A Victorian man who staged his estranged wife's murder as a suicide in what a judge has described as "the ultimate act of family violence" has been sentenced to life in prison.
Warning: This story contains graphic content that may disturb some readers.
Adrian James Basham brutally bashed and murdered Samantha Fraser at Cowes on Phillip Island in July 2018.
Wearing white ribbons, Ms Fraser's family and friends audibly gasped in the Supreme Court of Victoria as her estranged husband was ordered to spend at least 30 years behind bars.
A jury took less than two days to find the 46-year-old guilty of Ms Fraser's murder last year.
Basham was charged in August 2017 with raping Ms Fraser during their marriage and was due to give evidence against him a week after she was murdered.
Handing down her sentence, Justice Lesley Taylor said Basham had "executed" Ms Fraser after she found the courage to defy him.
The court heard Ms Fraser returned from dropping her three children at school when Basham beat her in the garage of the home they once shared, leaving 41 separate blunt force injuries.
He tied a noose around her neck and hanged her from the garage door, staging her killing as a suicide.
Her body was later discovered in the garage after she failed to pick up her children from school.

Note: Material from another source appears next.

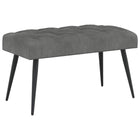 Bank 80x40x46 cm fluweel donkergrijs
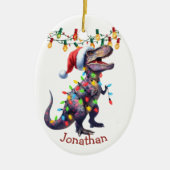 T-Rex Vakantie Lichten Kinder Kerst Keramisch Ornament (Voorkant)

An 'objectively heinous' crime
Justice Taylor said Basham likely surprised Ms Fraser as she sat in the driver's seat of her car, having waited more than two hours in the garage for her to return home.
"You intended and planned for Ms Fraser to die," Justice Taylor told Basham.
"Her last conscious moments would have passed in terror," Justice Taylor said.
"You made some attempt to stage the scene as a suicide.
"You still maintain a palpable fiction that she's responsible for her own death."
Basham wore a neat white shirt and chino pants as he sat quietly facing the judge, at times shaking his head.
"Ms Fraser lived in abject fear of you, both during the relationship and after you had separated," Justice Taylor said.
"She told friends and professionals she was terrified of you."
Justice Taylor told Basham: "Your crime was objectively heinous, it was the ultimate act of family violence."
Hopes sentence acts as 'strong benchmark' for DV offenders
Ms Fraser's daughter was red-eyed and stony faced as she watched her father react to his sentence for her mother's murder.
Now a teenager, her eldest daughter said nothing would compare to the damage Basham had done to her and her family's lives.
"He murdered my mum. He took Sammy's life and in doing so destroyed so many others," she said.
Leaving the court, Basham lingered for a moment to look back at his daughter, who was surrounded by family and friends.
Their children were aged five, seven and nine when Ms Fraser was killed.
Speaking to media outside, Ms Fraser's father, who is now a primary caregiver for his grandchildren, said justice had been served.
"It's been a long and drawn-out process," he said.
Ms Fraser's friends said they "mostly want to remember Sam" but welcomed Basham's sentence.
"We hope it's a strong benchmark," they said of sentencing for family violence offenders.
One friend, Lija Matthews, said the sentence was a "good result" under the circumstances, after a "pretty intense" period of more than four years.
"I feel that him getting life, look, it's never going to be long enough really," she said.
"Sam's never going to be able to live her life and we all got a life sentence when we have to live without her.
"It just means we feel a bit safer with him off the streets and hopefully it's a bit of a deterrent for other people that the maximum sentence is out there.
"We have started a foundation that is Change For Sam that is helping to end family violence — that's the only real positive that I can see making a positive out of the worst negative ever.
"I try to block the horror, you can't block it completely.
"Sam will always be in our hearts regardless of what happened."
With time already served, Basham will be eligible for parole in 2050.